Reporter: Abdul Basith | Editor: Handoyo .
KONTAN.CO.ID - JAKARTA. Perang dagang yang terjadi antara Amerika Serikat (AS) dengan China membuat negara lain lebih waspada. Hal tersebut dinilai menjadi hambatan kesepakatan perjanjian dagang kerja sama ekonomi komperhensif regional (RCEP).
RCEP yang ditargetkan mencapai konklusi tahun 2018 mundur pada tahun 2019. "Setelah perang dagang banyak negara berpikir ulang untuk gabung RCEP," ujar Direktur Institute for Development of Economics and Finance (INDEF) Enny Sri Hartati, Rabu (14/11).
Asal tanu saja, RCEP merupakan perjanjian dagang yang mencakup negara anggota Association of Southeast Asian Nations (ASEAN) ditambah 6 negara lain yaitu China, India, Jepang, Korea Selatan, Australia, dan Selandia Baru.
Banyaknya negara yang terlibat dalam RCEP tidak membuat daya tarik semakin besar. Hal itu ditambah lagi terdapat negara yang terlibat langsung dalam perang dagang yaitu China. "Keuntungan tidak sesederhana itu banyka negara yang juga sadar akan lebih dimanfaati oleh China," terang Enny.

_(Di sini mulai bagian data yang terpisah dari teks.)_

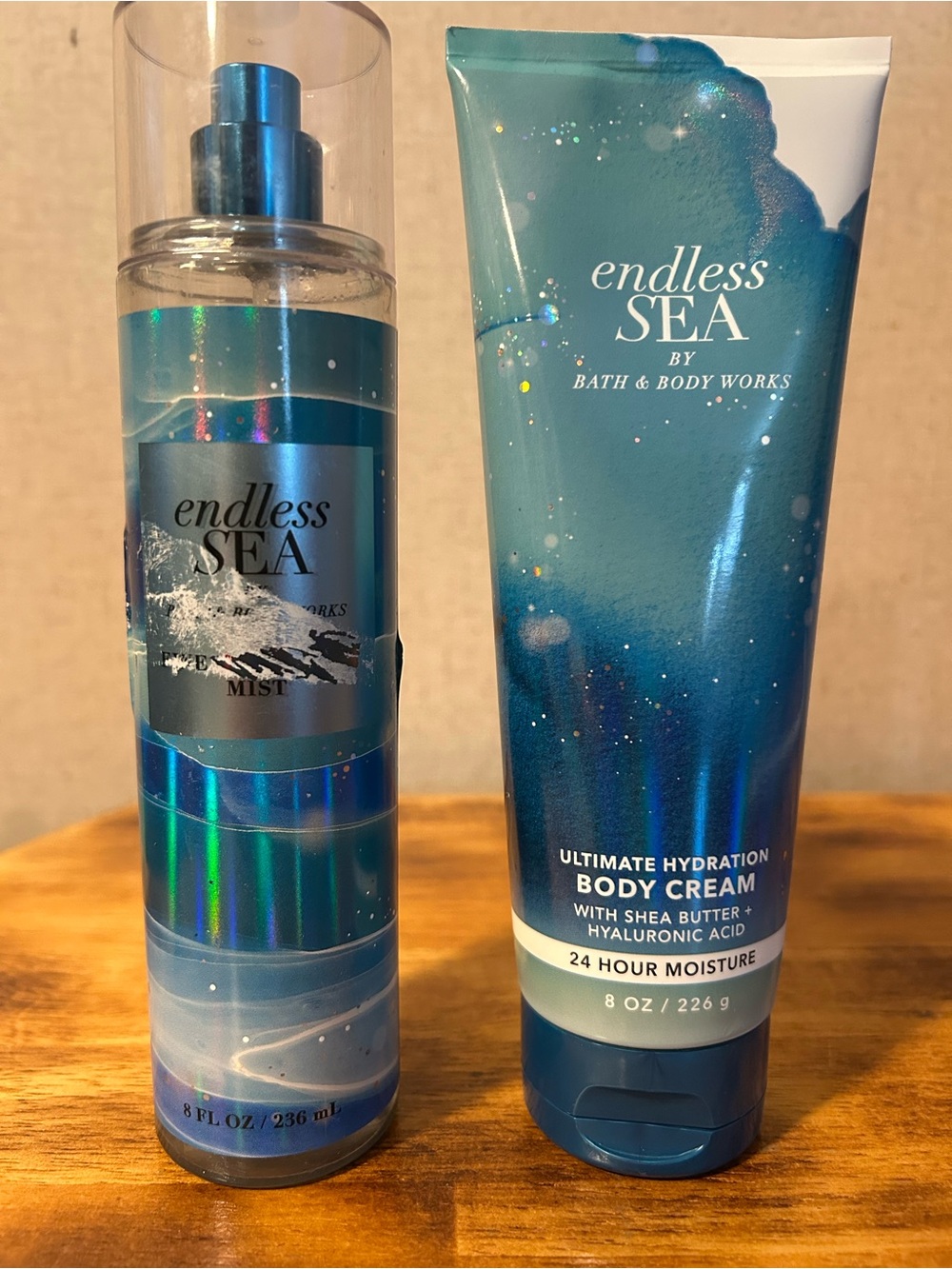 Bath & Body Works Endless Sea Body Cream & Mist - Teal Blue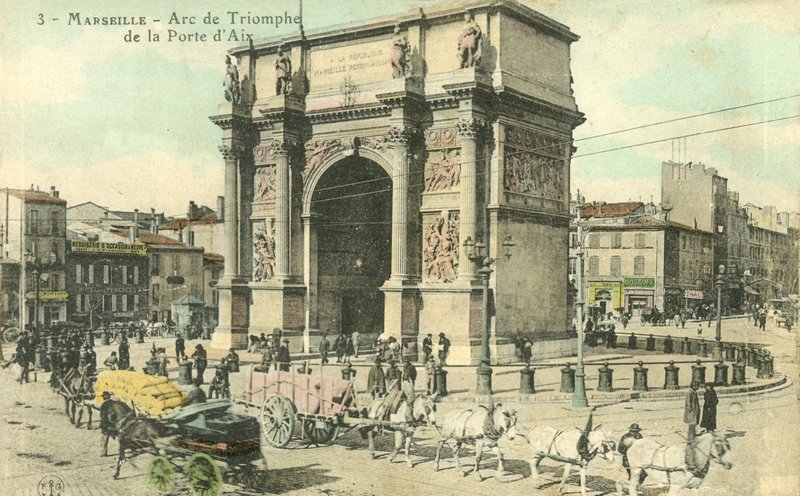 Marsella, Arco de Triunfo de la Puerta de Aix de French Photographer
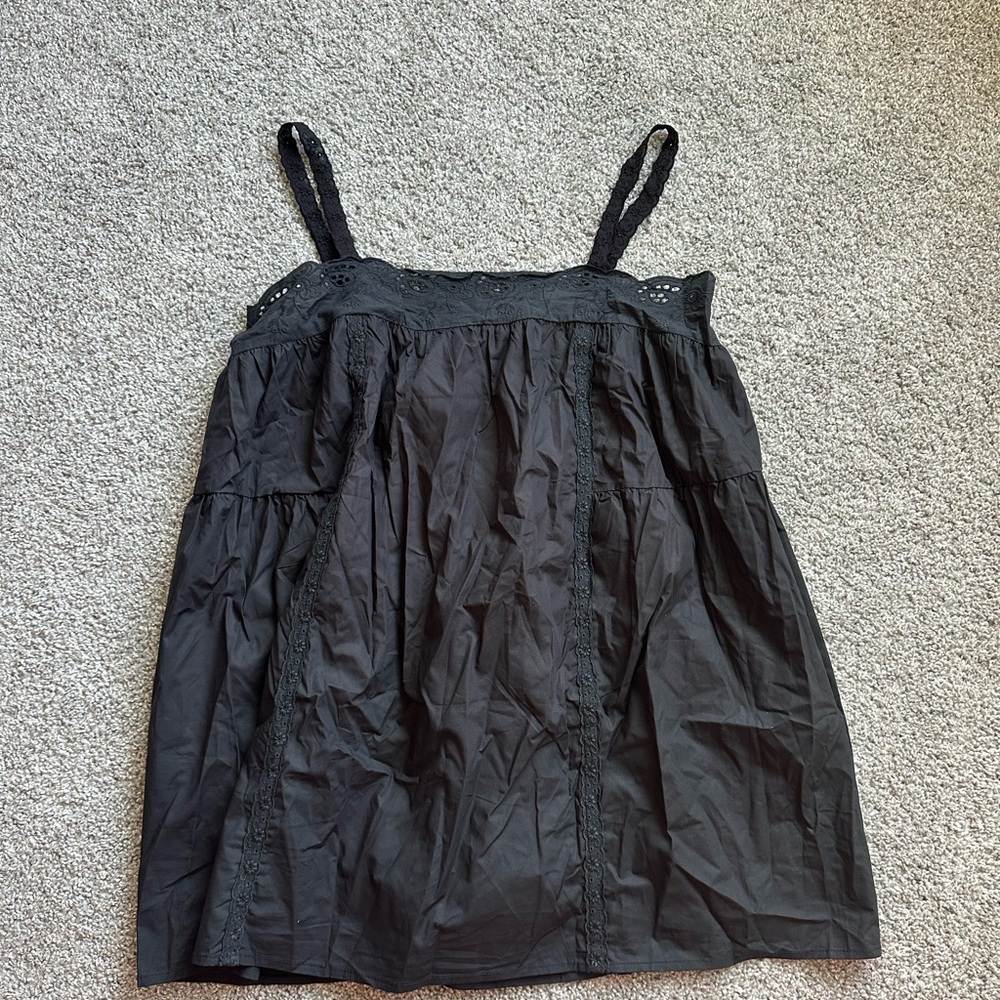 Black Sleeveless Babydoll Dress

Meski begitu pengusaha optimis RCEP akan memberikan keuntungan bagi perdagangan Indonesia. Asosiasi Pengusaha Indonesia (Apindo) berharap perjanjian dapat selesai sebelum Pemilihan Umum (Pemilu) Presiden digelar.
Pergantian pemerintahan dikhawatirkan akan dapat menimbulkan banyak perubahan. "Kalau ini bisa selesai sebelum Pemilu akan luar biasa," jelas Wakil Ketua Apindo, Shinta Widjaja Kamdani.